Chapter 8: A Functionalist Neuroscience for the Twenty-First Century

  • To study the brain, one must also study the body and behavior.
  • Three principles of Spencer’s evolution approach to the brain
    • Primacy and adaptation: the continual adjustment of inner to outer conditions.
    • Growth and development: both an organism’s repertoire of responses and biological structures supporting them increase in number, diversity, and complexity.
    • Continuity: new developments emerge from and build on what came before.
  • The brain is the most highly developed physical system we know.
  • Three trends that Ramon y Cajal noticed
    • A proliferation of neurons and neuronal processes that was necessitated by the increase in the number and complexity of other cells in the organism.
    • An adaptive differentiation of neuronal morphology and fine structure.
    • A progressive unification of the nervous system.
  • The brain isn’t a collection of organs with distinct local functions, but rather a structure whose purpose is to establish the functional relationships between cells that will be perform the goal of coordinating the organism’s interaction with its environment.
  • Three beliefs of a functionalist
    • That the functional architecture of the brain was established by natural selection and specifically, a process marked by functional differentiation and continuity.
    • Our complex and diverse behavioral repertoire is supported primarily by the brain’s ability to dynamically establish multiple different functional coalitions that coordinate both neural partnerships and external resources.
    • The brain is fundamentally action oriented with its primary purpose to coordinate the organism’s ongoing adjustments to external circumstances.
  • It’s now well established that individual brain regions support many different tasks across multiple task categories as predicted by the principle of continuity.
  • Suggestions by the author
    • We should represent the functional activity of individual brain regions in a multidimensional manner to capture their multiple functions.
    • We should expect not just local but also distributed contributions.
    • We should rethink the vocabulary of cognition.
    • We should recognize that cognition doesn’t take place only in the brain. Interactions with the environment and others should be captured in our experiments.
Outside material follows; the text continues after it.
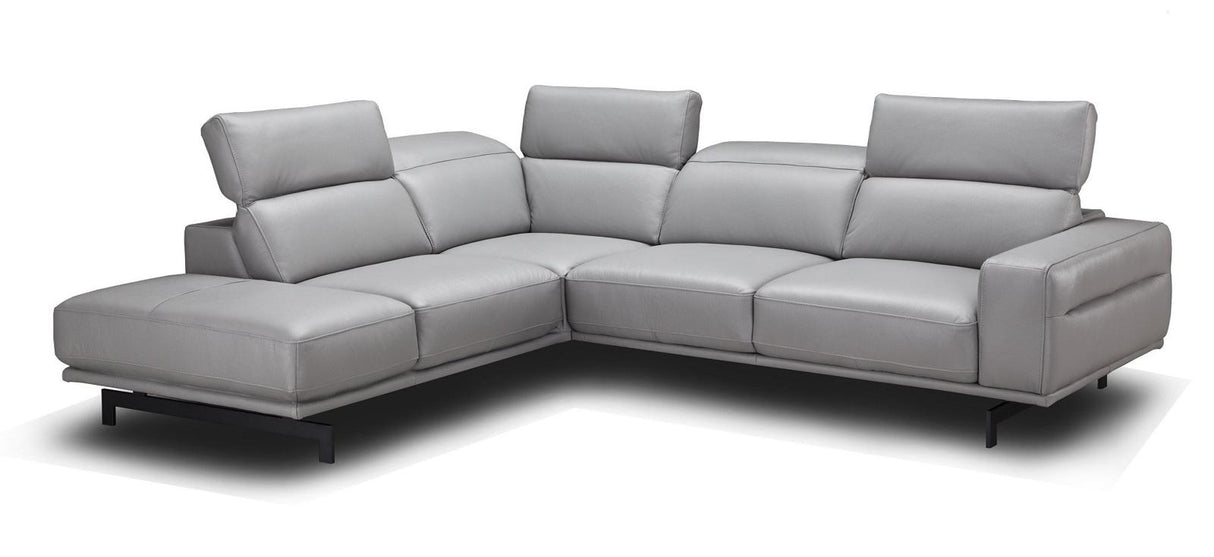 J&M Furniture Davenport Left Hand Facing Chaise Sectional in Light Grey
Appendix: Twenty-Three (Hundred) Open Questions after Phrenology

  • The brain consists of a neural network, an underlying genetic network, and an overlying chemical gradient field.
  • When and how does a neural partnership created by volume transmission become consolidated into the wiring network?
  • For volume transmission, what’s the size of the diffusion cloud of the transmitting cell?
  • How does the physical configuration of a region determine its causal features?
  • How do individual neural regions contribute to the overall function of a complex network?
  • In neural reuse, a local network might retain the same local connectivity and apply the same operation, function, or transform to potentially very different kinds of input. How would we find such a case?
  • How is the use and reuse of local networks coordinated?
  • What’s the underlying nature of the psychological primitives that we’re after? Is there a one-to-one mapping? Many-to-many? One-to-many? Many-to-one?